Der Mensch der die Wolken und den Regen liebt

Ich war ein Mensch, der die Sonne liebte und den Regen verhasste. Bis ich einen ganzen Sommer in Athen verbrachte.

Jeden Morgen begrüßt mich ein blauer Himmel ohne einen Wolkenhauch.

Die Sonne geht hinter den Bergen auf und geht hinter den anderen Bergen wieder unter. Schatten werden kurz und Schatten werden wieder lang. Mal fegt ein Wind von der Stadt auf das Meer und mal fegt ein Wind vom Meer auf die Stadt. Schiffe kommen und gehen am Horizont in Linien zum Hafen hin und vom Hafen davon.

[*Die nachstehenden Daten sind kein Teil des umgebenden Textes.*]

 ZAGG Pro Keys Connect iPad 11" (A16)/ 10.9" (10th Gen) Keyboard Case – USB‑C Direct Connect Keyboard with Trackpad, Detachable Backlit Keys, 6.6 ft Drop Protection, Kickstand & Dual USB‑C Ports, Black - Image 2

Ich treffe einen Menschen, der mir erzählt, dass er die Wolken und den Regen liebt. Ich schüttle ungläubig den Kopf über den Ahnungslosen.

So wird es Mai, Juni, Juli, August und September. Die Stadt liegt im Staub begraben, der sich wie ein Nebel auf alle Dinge legt. Darüber der saubere Himmel, der keine Wolke zulässt und aus dem sich jetzt schon so lange kein Regen mehr ergossen hat. Manchmal denke ich an den Menschen, der die Wolken und den Regen liebt.

Der Wind fegt den Staub von einer Straße in die Andere, Fensterscheiben werden grau und bald schwarz. Der Himmel spannt sich ohne ein Kräuseln und strahlt unbeteiligt in leuchtendem Blau.

Immer öfter denke ich an den Menschen, der die Wolken und den Regen liebt. Gras wird braun und jedes Grün vertrocknet schonungslos. Der Wind fegt durch das laublose Gestrüpp, dessen Äste in den polierten Himmel ragen. Hitze flimmert über den Hügeln, die mit ihren scharfen Kanten an dem glatten Blau kratzen wollen. Doch das bleibt unversehrt.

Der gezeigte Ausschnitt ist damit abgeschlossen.